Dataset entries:
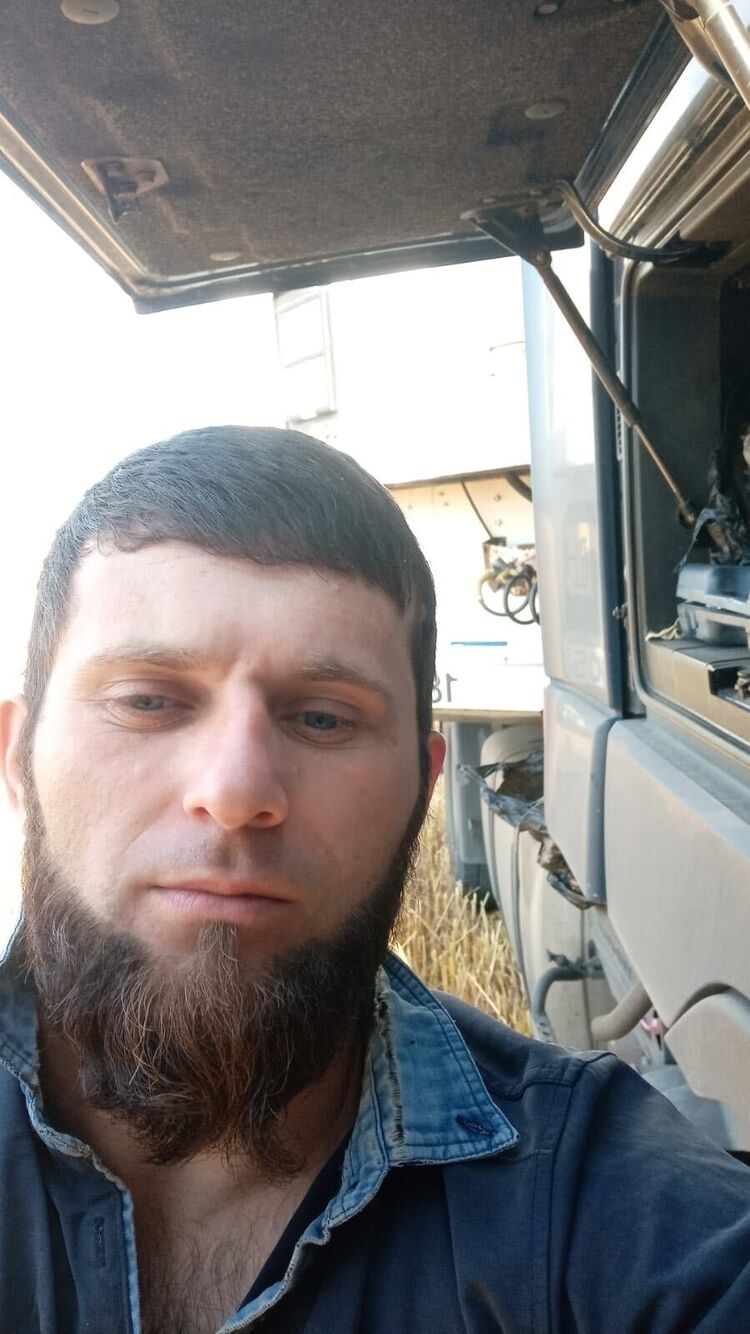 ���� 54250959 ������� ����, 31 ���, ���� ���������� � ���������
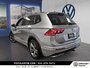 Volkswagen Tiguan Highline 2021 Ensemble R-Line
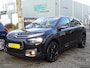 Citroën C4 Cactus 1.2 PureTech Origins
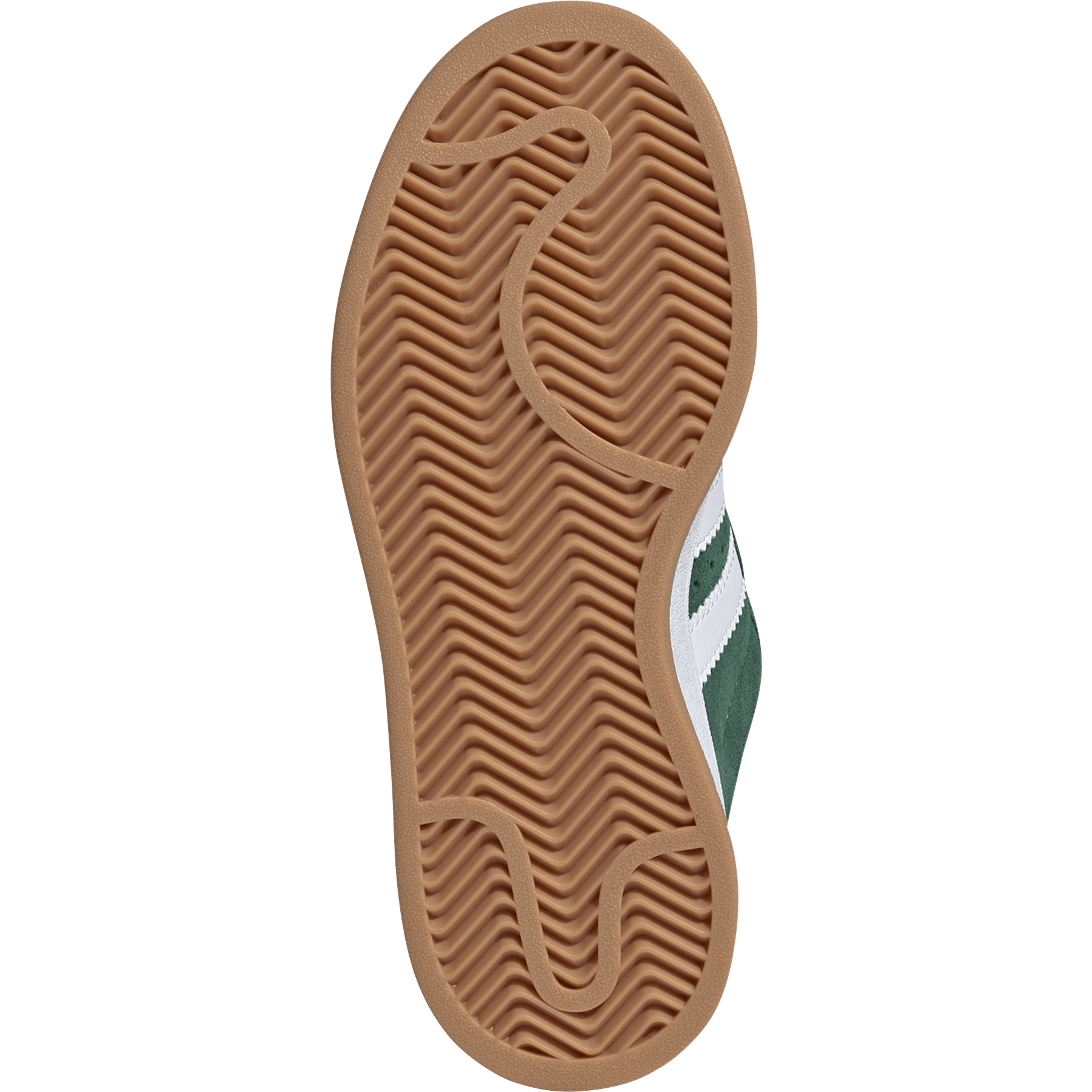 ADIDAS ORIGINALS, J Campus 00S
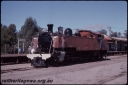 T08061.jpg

* **Action item**
Extract the text of all the records above verbatim, excluding pictures.

* **Written response**
 ���� 54250959 ������� ����, 31 ���, ���� ���������� � ���������
 Volkswagen Tiguan Highline 2021 Ensemble R-Line
 Citroën C4 Cactus 1.2 PureTech Origins
 ADIDAS ORIGINALS, J Campus 00S
 T08061.jpg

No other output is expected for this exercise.